On Monday, Bush appeared at Johns Hopkins University's Paul H. Nitze School of Advanced International Studies, where a graduate student asked him about his role in the leak of classified information. The president, who had once perplexedly said, "I want to know the truth," replied, "I wanted people to see the truth and thought it made sense for people to see the truth." Was blind but now he sees? Grace (or Patrick Fitzgerald) had led him home.

Bush acted in the beginning as an innocent injured party. He pretended to be utterly baffled by events. His feigned unawareness was intended to deflect attention from himself. His call to find those responsible was to ensure that the facts would never be known. When he was exposed, he donned a new guise. Instead of the seeker of truth, he became the truth teller.

(snip)

President Bush, having previously play-acted as unknowing, is now engaged in the make-believe that he is helping people "see the truth." Yet the White House refuses to declassify the one-page summary of the NIE used to brief Bush. Presumably, it contains the caveats from various intelligence sources on Saddam's WMD, showing that the case remained unproved and shaky when Bush presented it as conclusive.
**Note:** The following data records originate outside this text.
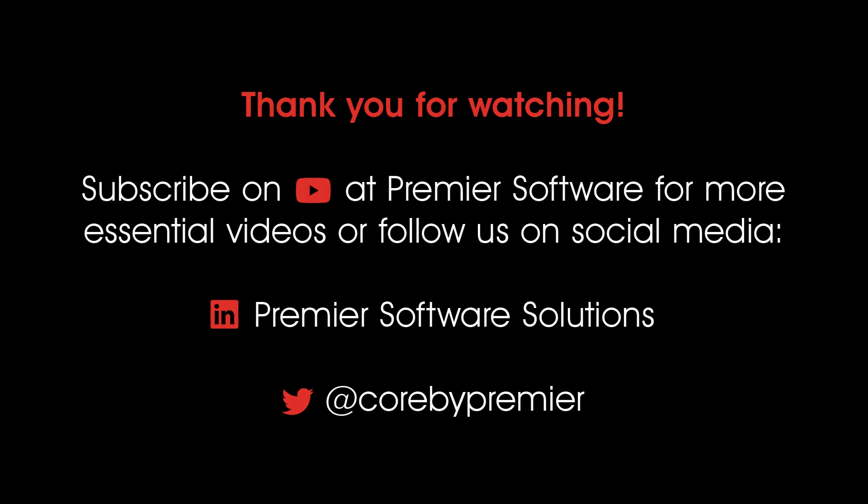Why not subscribe to us on YouTube for weekly videos on how to use Core and click the notification bell to receive updates as soon as they become available. You can also follow us on Twitter at Core by Premier and LinkedIn at Premier Software Solutions for regular content. Take care and thank you for watching.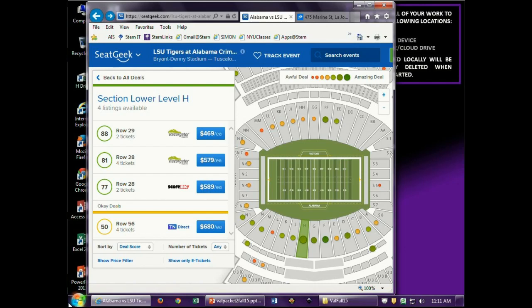The higher the number, the better the deal. How do they do it? They compared the price to other seats in the same section. At $469 you're getting a great deal because the other seats in that section sell for a lot more. Row 1 should sell for more than row 10 — SeatGeek has built a neat computer program that compares across a section. They rank them from amazing to awful. But I don't use SeatGeek anymore — StubHub pulled their tickets off SeatGeek, and StubHub accounts for about 35% of all seats sold in that secondary market.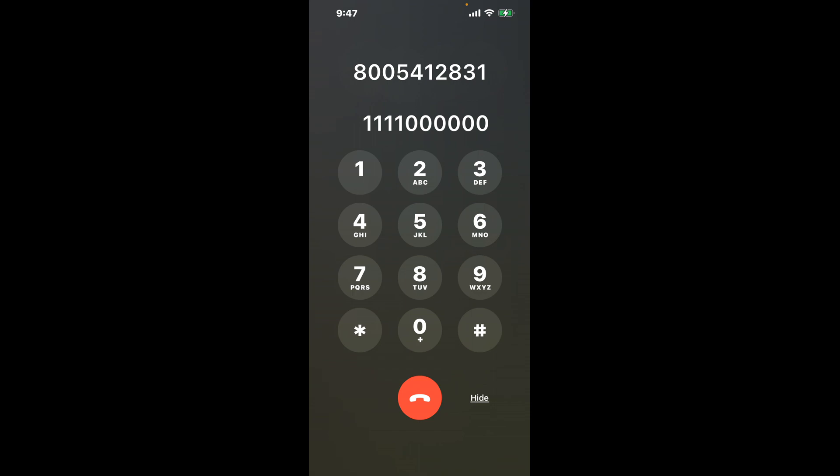Now here's the trick. Dial the combination 1-1-1-1, then 0 six times. This is a clever shortcut to bypass those annoying automated messages. You've just hacked the system.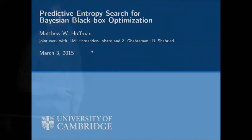Hi everyone. I'm Matt, and I'm going to talk today about Bayesian optimization in general, and Bayesian approaches for black box optimization, but I'm going to focus on a method that we have developed recently that we call predictive entropy search.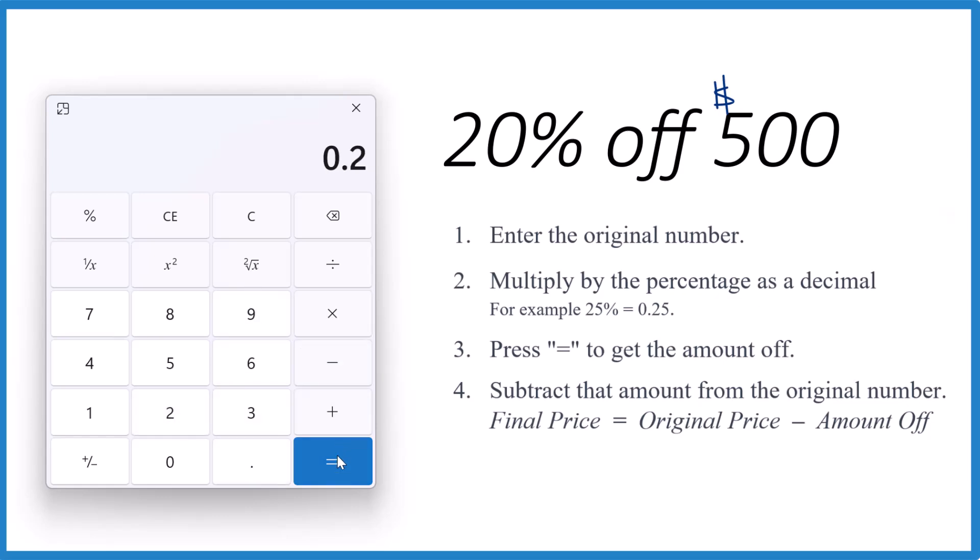Hit the equals sign, and that's how much you get off. 20% off of $500, that means you'd take $100 off.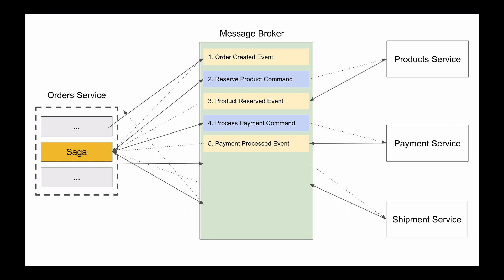At this step an order can be marked as approved and a new process can be started to request order shipment. Depending on how you design your application, it could be a new Saga or just a few more steps in the existing Saga. For example, the current Saga can consume the payment processed event and will publish the create shipment ticket command. Shipment microservice will consume the create shipment ticket command, process it, and if all is good, will publish a shipment ticket created event.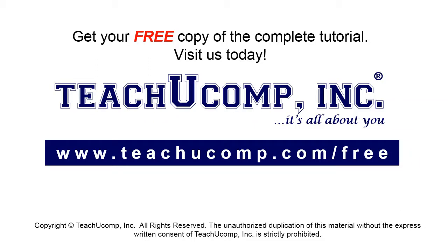Get your free copy of the complete tutorial at www.teachucomp.com/free.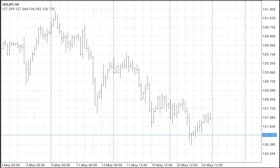We are in a MetaTrader app, and today we will talk about the Relative Strength Index indicator and how to add it in MetaTrader.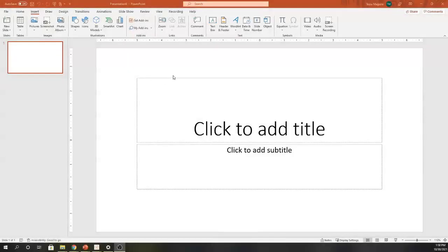Hi, I'm Tessa from Tales from Outside the Classroom, and today I'm going to show you how I use PowerPoint to time, manage, and signal my small group and center's rotation.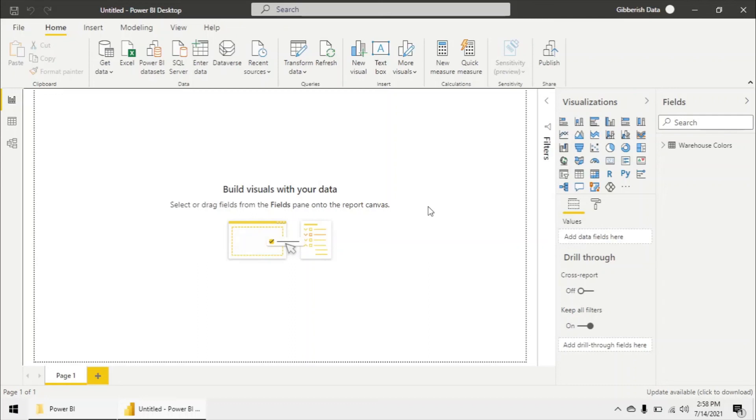It's just streamlining the get data process so that they didn't have to go to get data SQL server and type in all the server database information and everything like that. It's just streamlined to where they could just select those tables.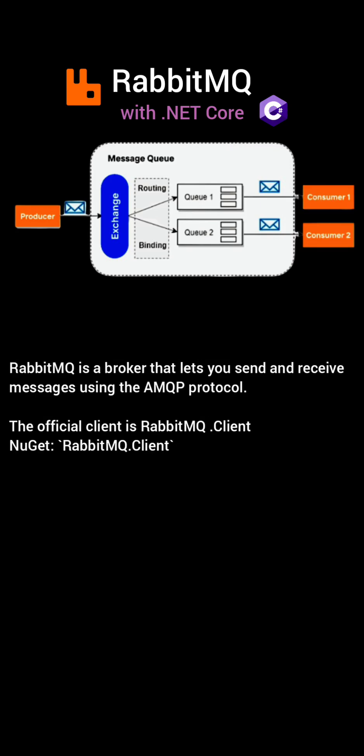RabbitMQ is a broker that lets you send and receive messages using the AMQP protocol. The official client is rabbitmq.client.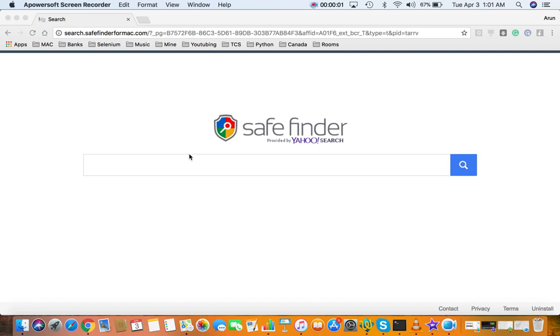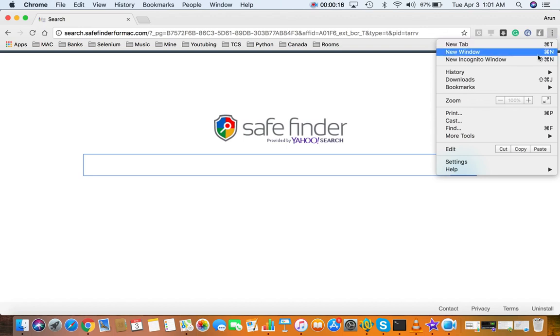Here I'm going to demonstrate how to remove the safe finder search from your Google Chrome. I want to keep Google as my default search engine. For that, what you have to do is open Google Chrome and go to settings in the right corner.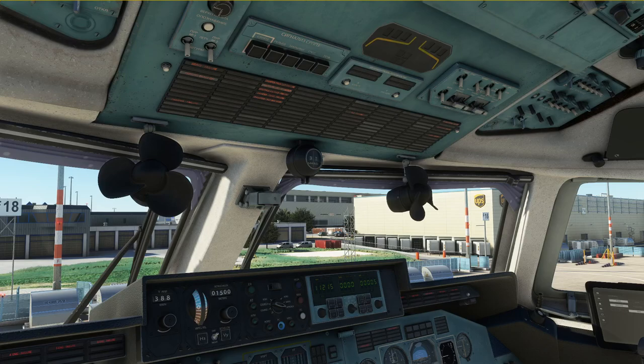Hello everyone and welcome to the channel. I'm Emanuel, I'm an airline pilot and in this small video I'm going to explain to you the functions of the lighting panel in the Antonov 225 in Microsoft Flight Simulator.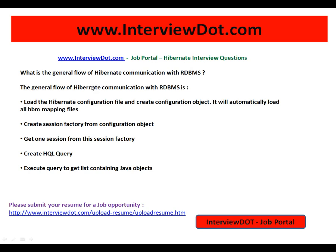One of the important Hibernate interview questions: what is the general flow of Hibernate communication with RDBMS — Relational Database Management System? The general flow of Hibernate communication with RDBMS is: load the Hibernate configuration file and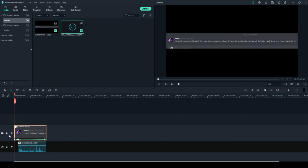But yeah, thanks to Filmora 10 for adding keyframes. Ladies and gentlemen, this is the end of the tutorial. I hope you all enjoyed and I'll see you guys in the next one.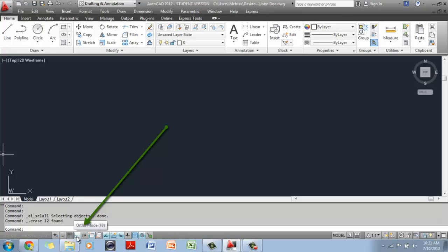What you want to turn on is this fourth button called the ortho mode. If you keep your mouse on top of it without clicking, it gives you a small text that tells you it's the ortho mode and the keyboard shortcut is F8. This is a transparent command, which means you can turn it on and off in the middle of a command. So while you're drawing, you could switch ortho on and off either by clicking here or by hitting the F8 key.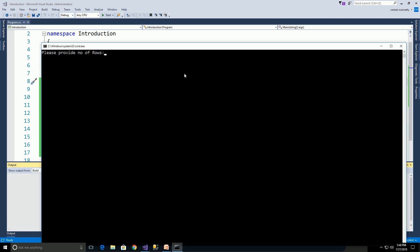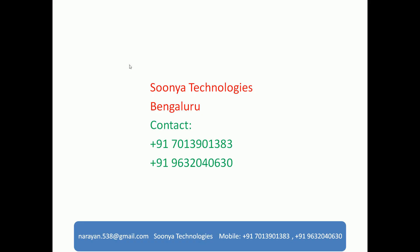Let's run again with Ctrl+F5. Please provide number of rows: 7, Enter. We get output as 1, 2, 3, 4, 5, 6, 7. Second row: 2, 3, 4, 5, 6, 7, and so on. That's it for today. If you like this video, please share with your friends and subscribe to my YouTube channel for future videos. Thank you for watching. Have a nice day.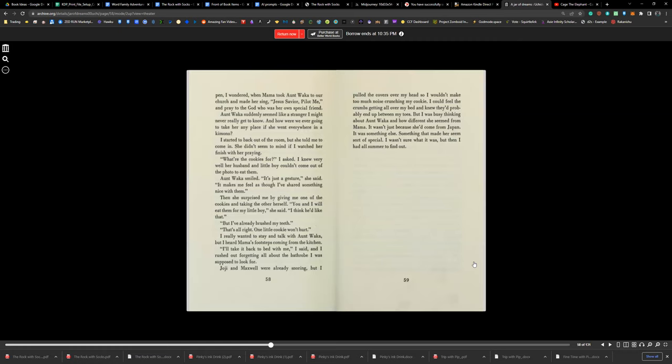And that is Chapter 6 of A Jar of Dreams by Yoshiko Chida, read by Mr. Teach. Be sure to like and subscribe. I'll talk to you later. Bye.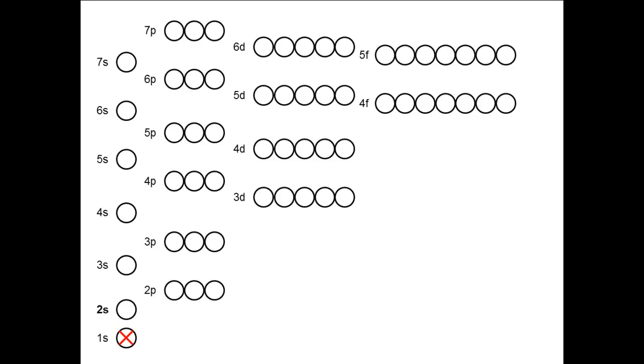The third electron goes in the 2s orbital, and the fourth as well, with the opposite spin. The fifth electron goes in the 2p subshell, and you can put it in any of the orbitals because they are equivalent. The question comes then with the sixth electron: where does it go? It could go in the same orbital as the fifth electron, or in one of the other two.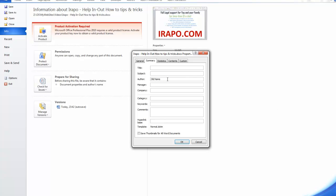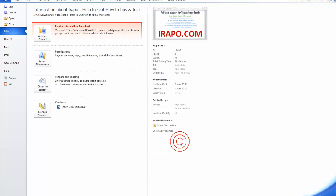You will get a pop-up window where you can make changes in the dialog. Write your name in the Author field and click OK. The document metadata is now updated.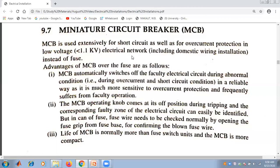Why is MCB more preferable compared to fuses? The answer is that MCB automatically switches off the faulty electrical circuit during abnormal conditions — that is during overcurrent and short circuit conditions — in a reliable way, as it is much more sensitive to overcurrent protection and less likely to suffer from faulty operation.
The White House also refuses to release the transcripts of Bush's and Cheney's testimony before the prosecutor. As witnesses they are not bound by any rule of secrecy and are free to discuss their testimony publicly. During the Watergate investigation, the Supreme Court ruled unanimously that President Nixon had to turn over his secret audiotapes to the prosecutor. Fitzgerald obviously already has the White House transcripts. Only the public is uninformed of their contents. Why won't the White House release them now? Indeed, there is a precedent. On June 24, 2000, then Vice President Al Gore made public his testimony to the Justice Department investigation into campaign finance. (While Bush and Cheney insisted on giving testimony without being sworn under oath, they remain legally liable. Under Title 18, Section 1001 of the U.S. Code, anyone who testifies falsely in a federal inquiry may be fined and sentenced to five years in prison.)